Julia is on the trail of a little-known photographer who spent his days capturing life on Exmoor. A hundred years ago, Alfred Vowles photographed everything from villages to building to hunting. He produced thousands of postcards using just a folding pocket camera, a tripod and his trusty old pushbike. Julia finds out about the man behind the picture and she puts his techniques to the test, recreating one of his many photographs.
Vowles wasn’t the only one captivated by the landscape of Exmoor; novelist RD Blackmore literally put this place on the map when he penned the book Lorna Doone, which was to give birth to Lorna Doone country. Matt turns investigator as he tries to discover if this fictional tale is more fact than fiction.
Elsewhere, Tom Heap is in Leicestershire finding out how the Schmallenberg virus looks set to spread across the country, with devastating effects for farm animals.
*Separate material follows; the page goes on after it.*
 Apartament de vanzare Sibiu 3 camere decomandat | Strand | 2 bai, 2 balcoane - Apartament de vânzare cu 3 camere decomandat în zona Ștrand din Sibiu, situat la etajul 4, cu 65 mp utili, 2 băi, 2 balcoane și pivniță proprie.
Down on the farm, Adam takes his Exmoor foals to a world-class equine centre in Cheshire for some basic training.
In the early 1900s when photographs were still a novelty, Alfred Vowles was as close as you could get to a one-man photo booth. Julia Bradbury discovers how this extraordinary man cycled over hill and dale, leaving a legacy of pictures which document rural life on Exmoor at the start of the last century. But in the days before digital cameras, darkrooms were needed to develop pictures. For Alfred that often meant using a stable, a chicken shed, or even the caravan where he lived and worked for much of his time on Exmoor. To find out just how tricky this all was, Julia works with amateur photographer Ray Turner to recreate and develop one of Alfred’s classic pictures of a local trailing hunt, the Minehead Harriers.
See some modern days photos of Exmoor
It is thought that, in the last 80 years, the UK’s barn owl population has dropped by a staggering 70%. One major reason for this is the loss of many of their traditional habitats, such as old trees and ruined buildings. Julia Bradbury visits a project which could change the odds by putting a barn owl box in every parish in Somerset. That’s 335 new boxes by next year. Julia teams up with Chris Sperring from the Hawk and Owl Trust. Together they go to meet Jonathan Webber, who’s willing to host an owl box. But will his family farm come up to spec?